| Task to carry out |
The whole listing needs to be written out exactly, except for any images.

[Supplied data]

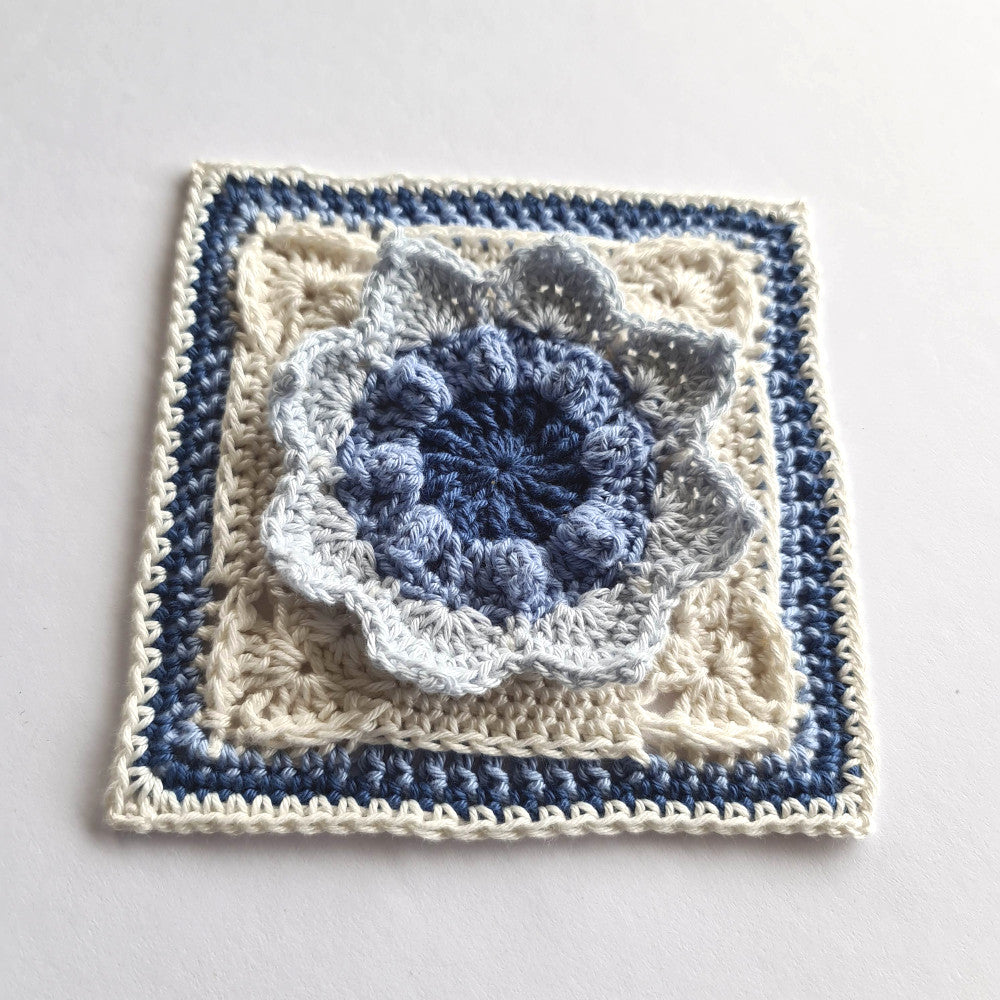 Charlene granny square crochet pattern by Shelley Husband in blues and cream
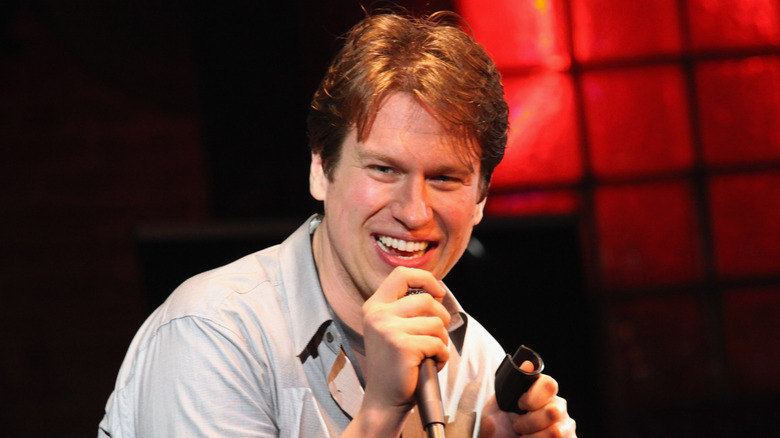 Pete Holmes holding a microphone and laughing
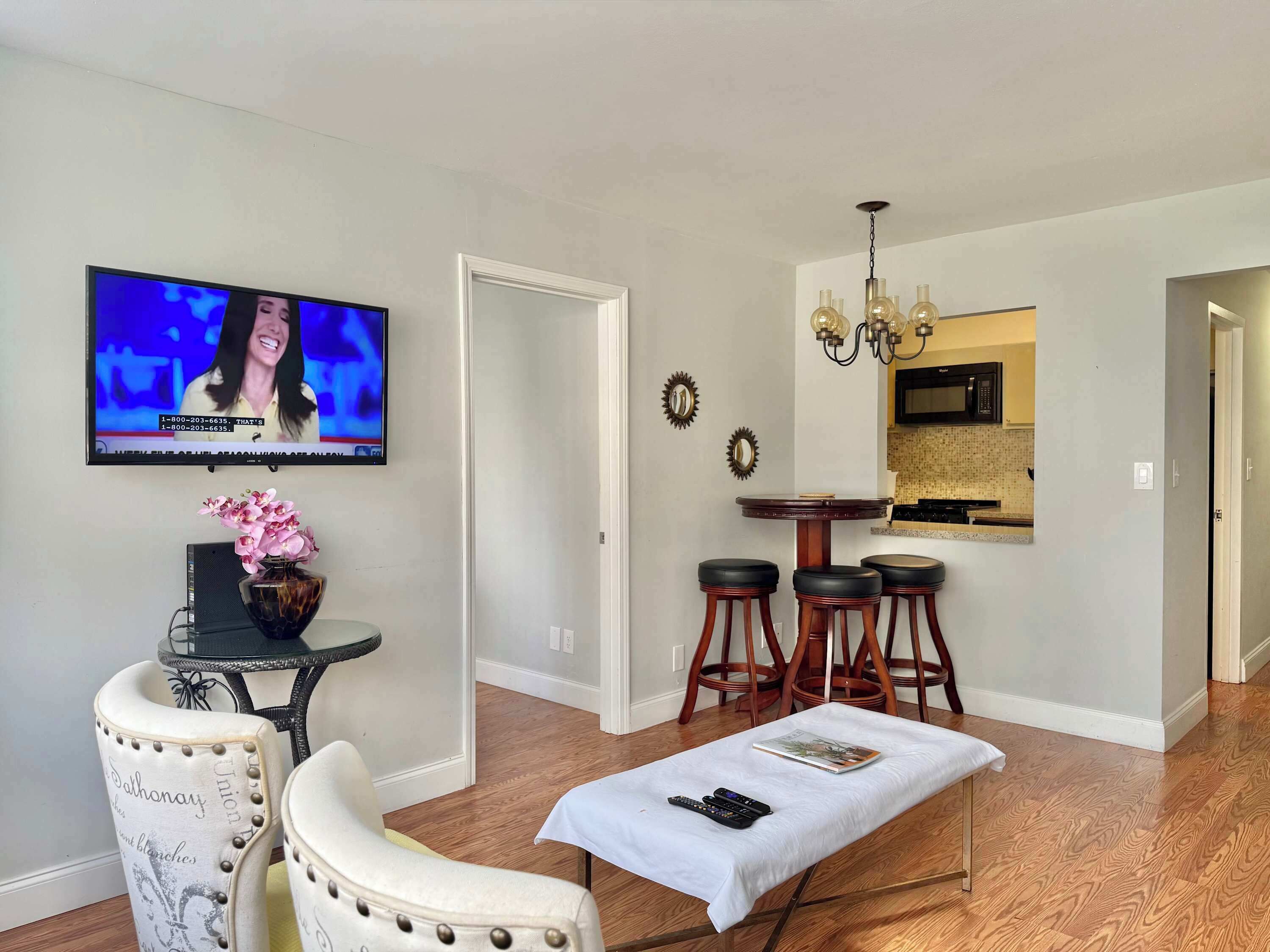 A living room with a television, a dining area with stools, a kitchen in the background, and a hallway leading to another room.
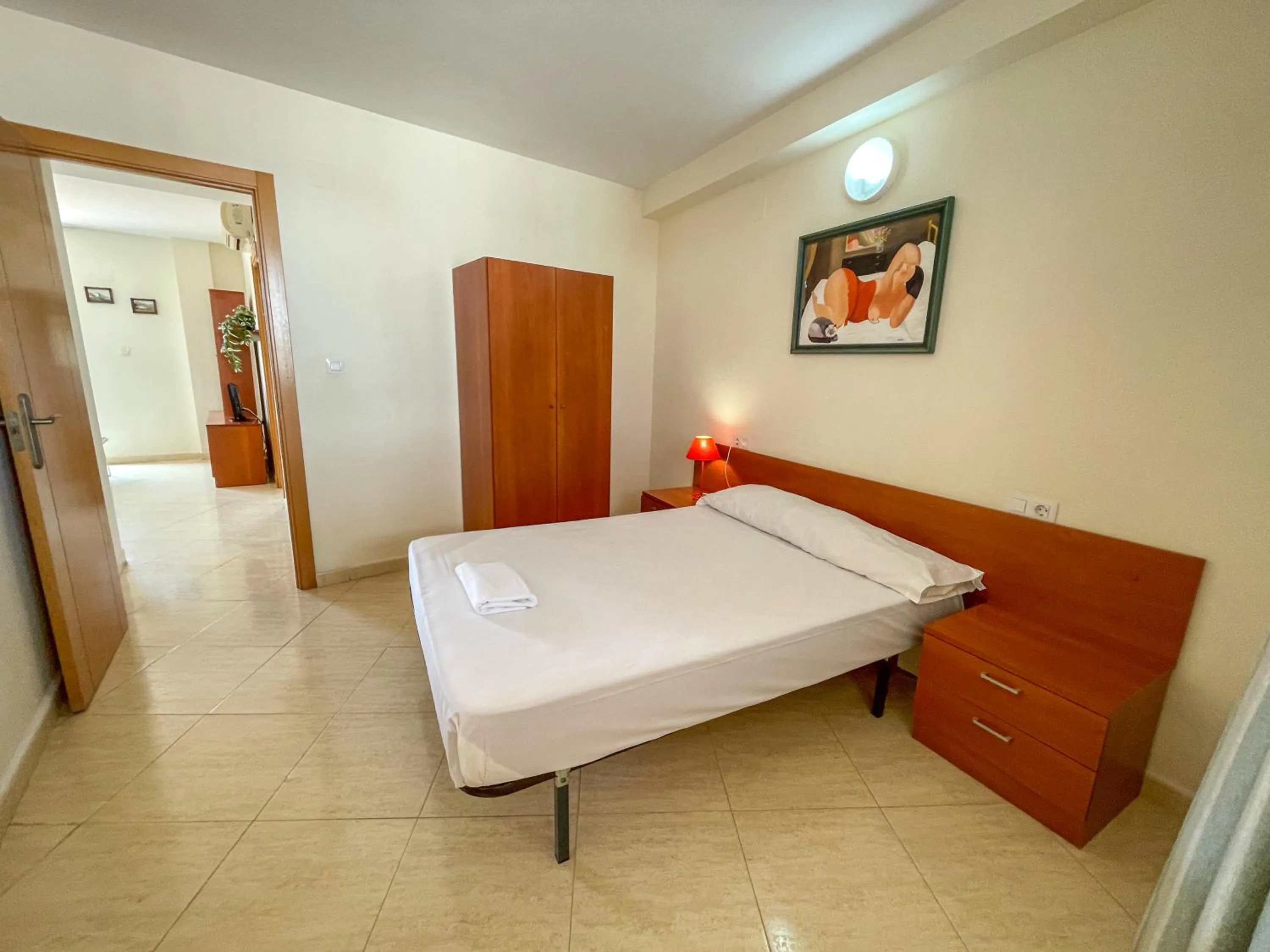 Bed in Apartamentos Marcomar 3000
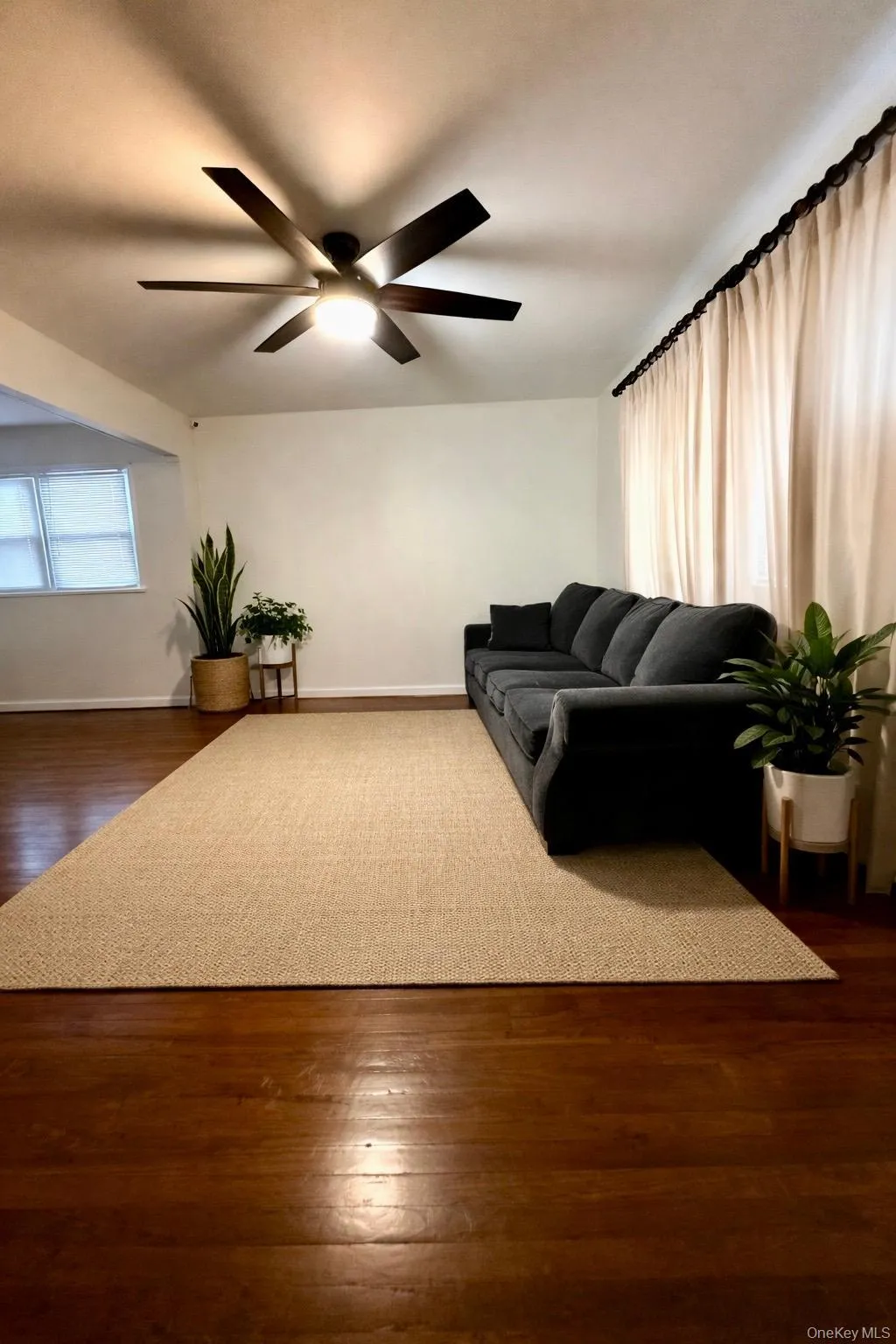 Living area featuring dark wood-type flooring and a ceiling fan Living area featuring dark wood-type flooring and a ceiling fan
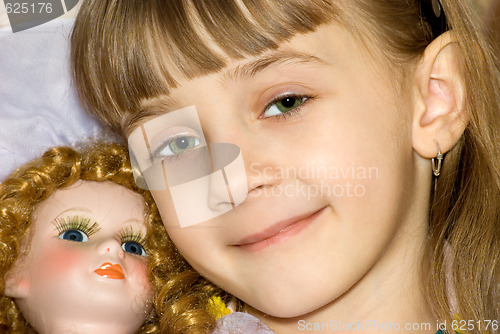 Image of The girl with a doll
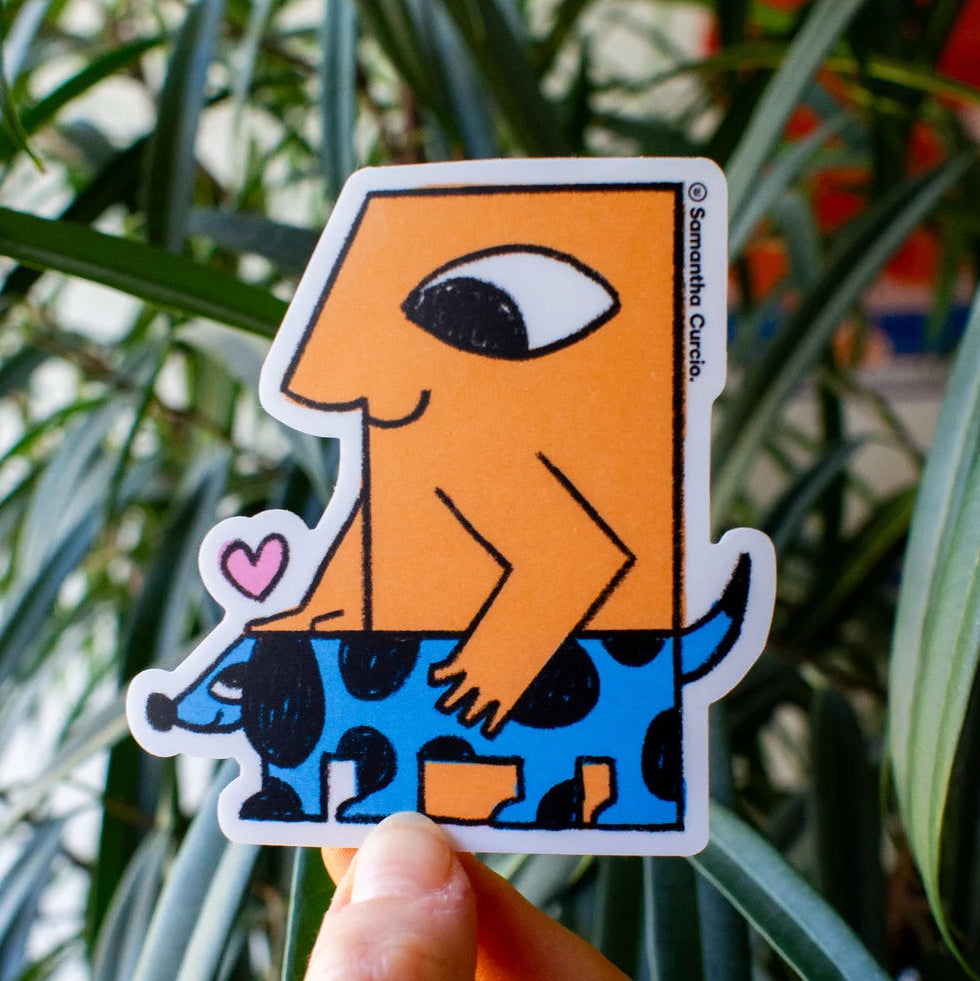 A hand holds a die-cut sticker featuring a stylised orange figure riding a blue spotted animal, with a small pink heart, in front of green plant leaves.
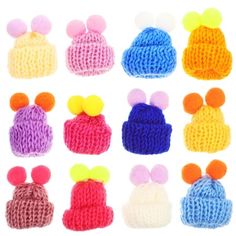 several knitted hats with different colored pom poms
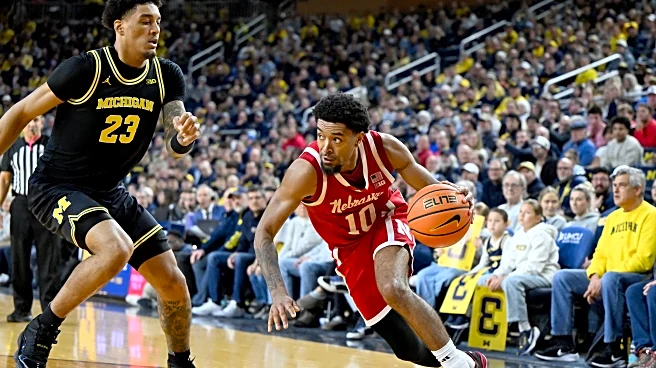 McKenney makes go-ahead layup as No. 3 Michigan hands No. 5 Nebraska its first loss, 75-72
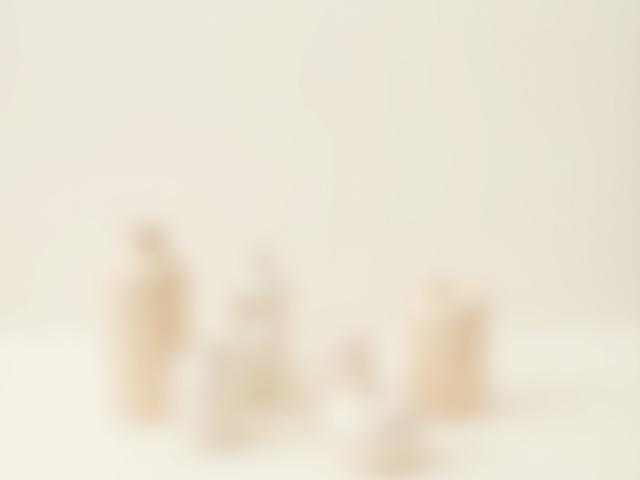 Collection of minimalist ceramic vases in varying heights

[/Supplied data]

| Task result |
 Charlene granny square crochet pattern by Shelley Husband in blues and cream
 Pete Holmes holding a microphone and laughing
 A living room with a television, a dining area with stools, a kitchen in the background, and a hallway leading to another room.
 Bed in Apartamentos Marcomar 3000
 Living area featuring dark wood-type flooring and a ceiling fan Living area featuring dark wood-type flooring and a ceiling fan
 Image of The girl with a doll
 A hand holds a die-cut sticker featuring a stylised orange figure riding a blue spotted animal, with a small pink heart, in front of green plant leaves.
 several knitted hats with different colored pom poms
 McKenney makes go-ahead layup as No. 3 Michigan hands No. 5 Nebraska its first loss, 75-72
 Collection of minimalist ceramic vases in varying heights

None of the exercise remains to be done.